TONY Blair yesterday refused to offer any quick fix solutions to the region's troubled business community, instead taking the chance to reaffirm the Government message that a tough economic policy was the best way ahead for Britain and the region.
The Prime Minister was in his Sedgefield constituency to officially open two high-tech plants at Ultronics, and on the site of the former Fujitsu factory.
But he launched into an impromptu speech to staff at Filtronic in Newton Aycliffe, insisting that controlling interest rates and inflation were the key ingredients of a successful economy.
Mr Blair spoke of the need for people and businesses to change to confront the problems of modern society, choosing the new Filtronic factory on the former Fujitsu site to hammer home the New Labour message.
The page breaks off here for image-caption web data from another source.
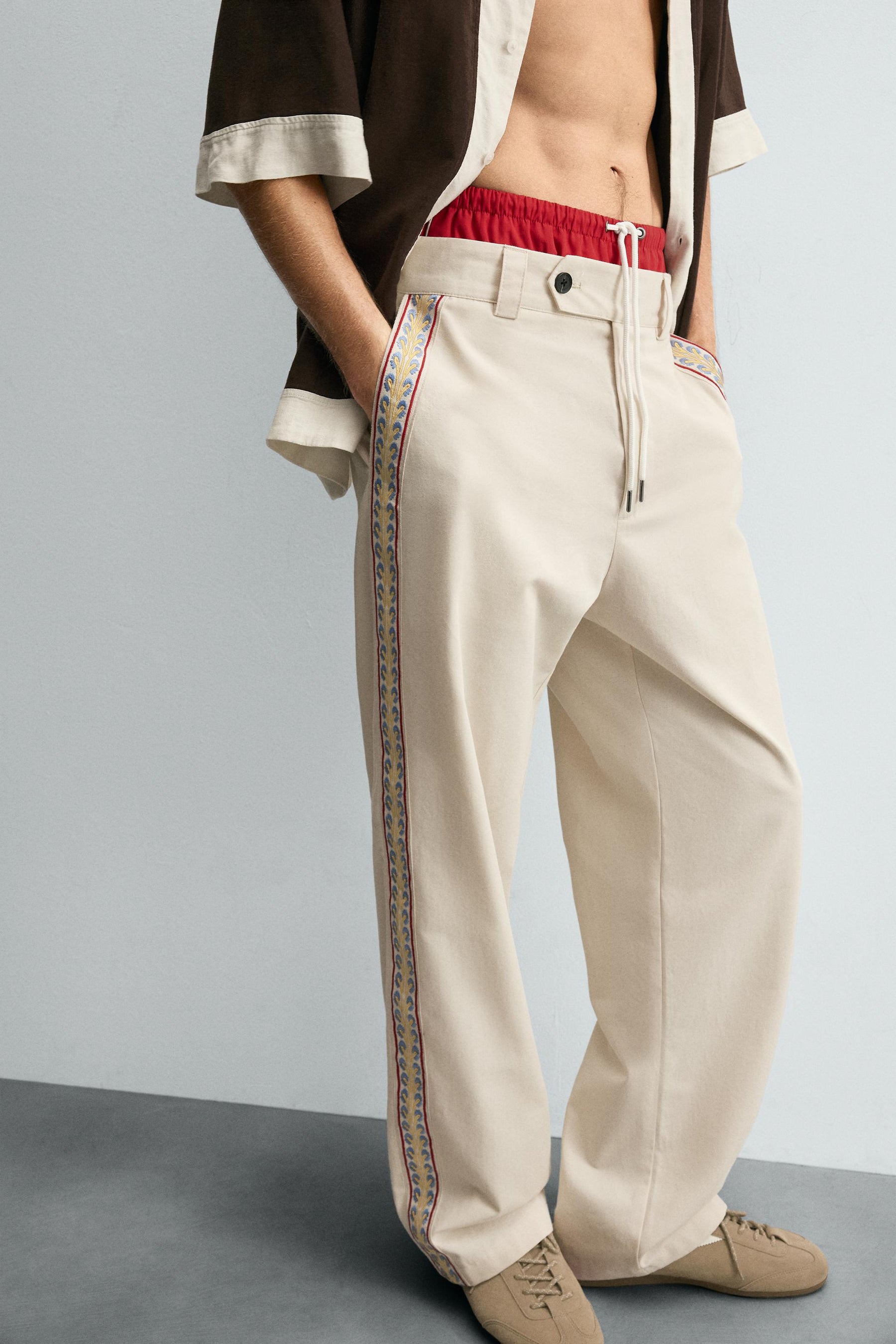 EMBROIDERED STRIPE TROUSERS - Image 4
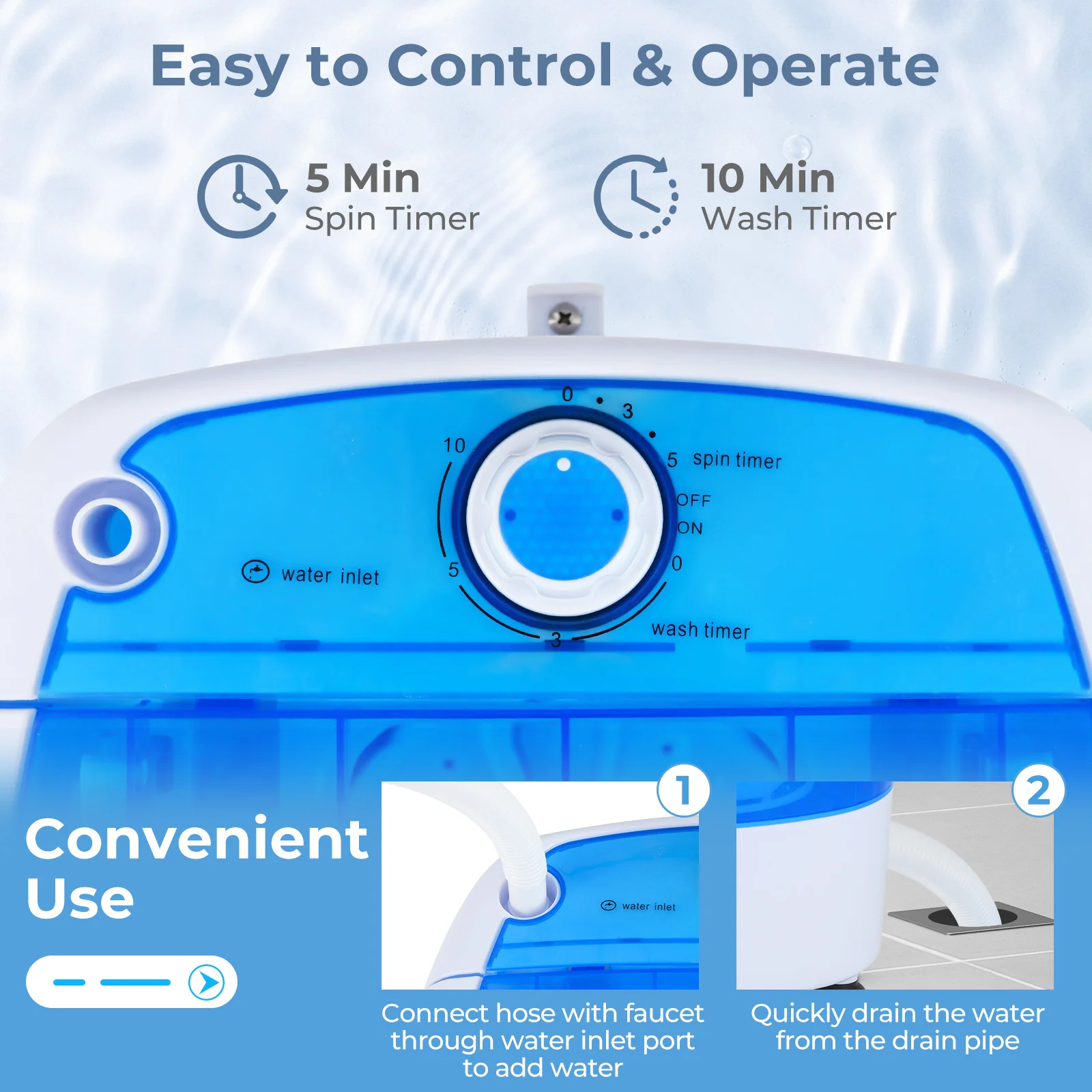 Portable Semi Auto Washing Machine, 5.5 lbs, Blue - Image 9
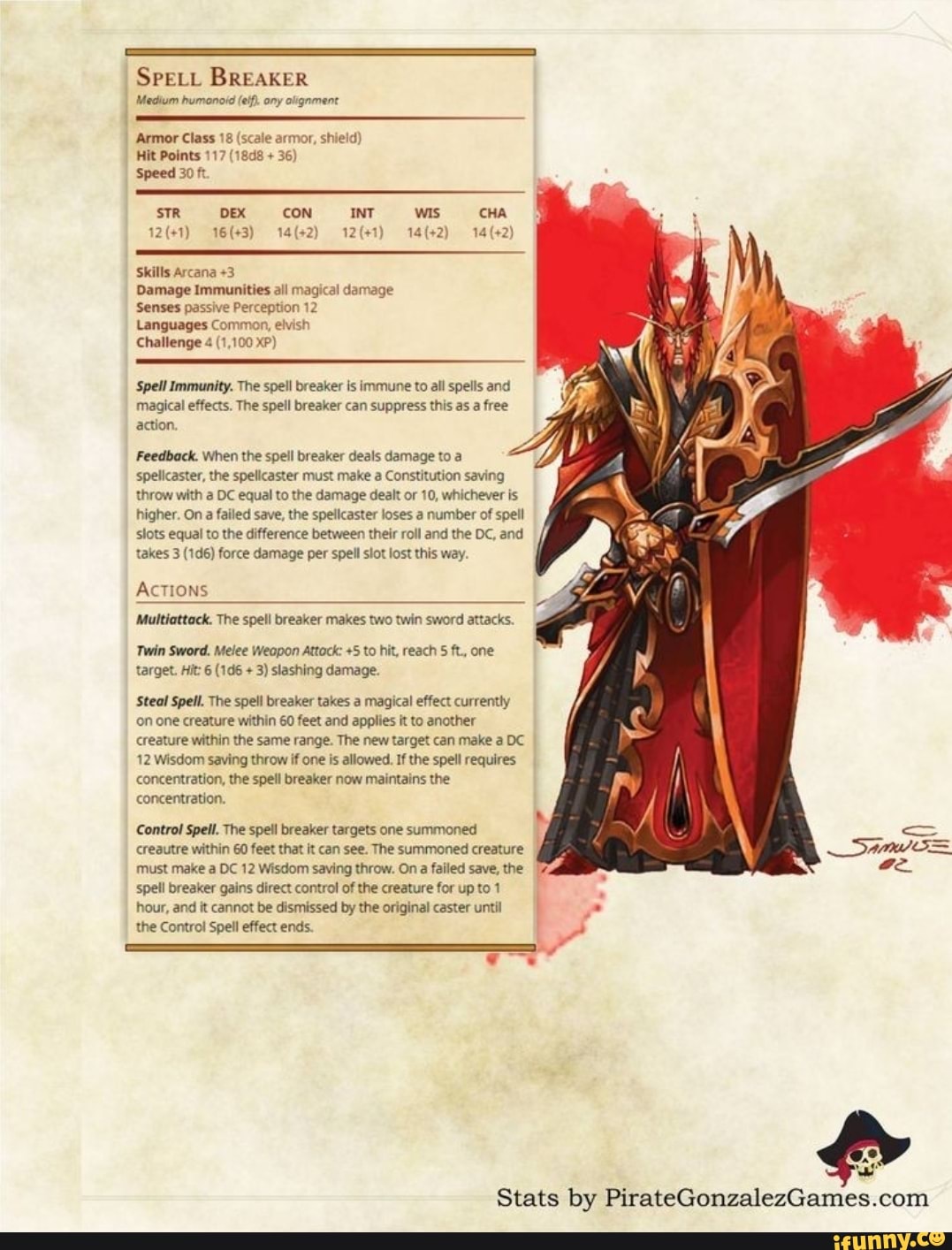 BREAKER Medium humonoid (elf. ony alignment Armor Class 18 (scale armor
He said: "This firm (Filtronic) represents the phoenix rising from the ashes that were here (Fujitsu)."
Mr Blair spoke of the "body blow" that the whole region felt when Fujitsu closed its plant in 1998.
"But what has actually happened is that virtually everyone that used to work there has now found something else. This is the way the new and modern economy is going to work," he said.
Mr Blair spoke people's need to change, and of figures in America which revealed one in four families there change their home every year in their search for work.
But Paul Nowak, regional secretary of the TUC, said: "What we want is for work to come to people in this region, and for work to stay in this region. More investment in people, and the Filtronics and Ultronics of this world will keep coming here."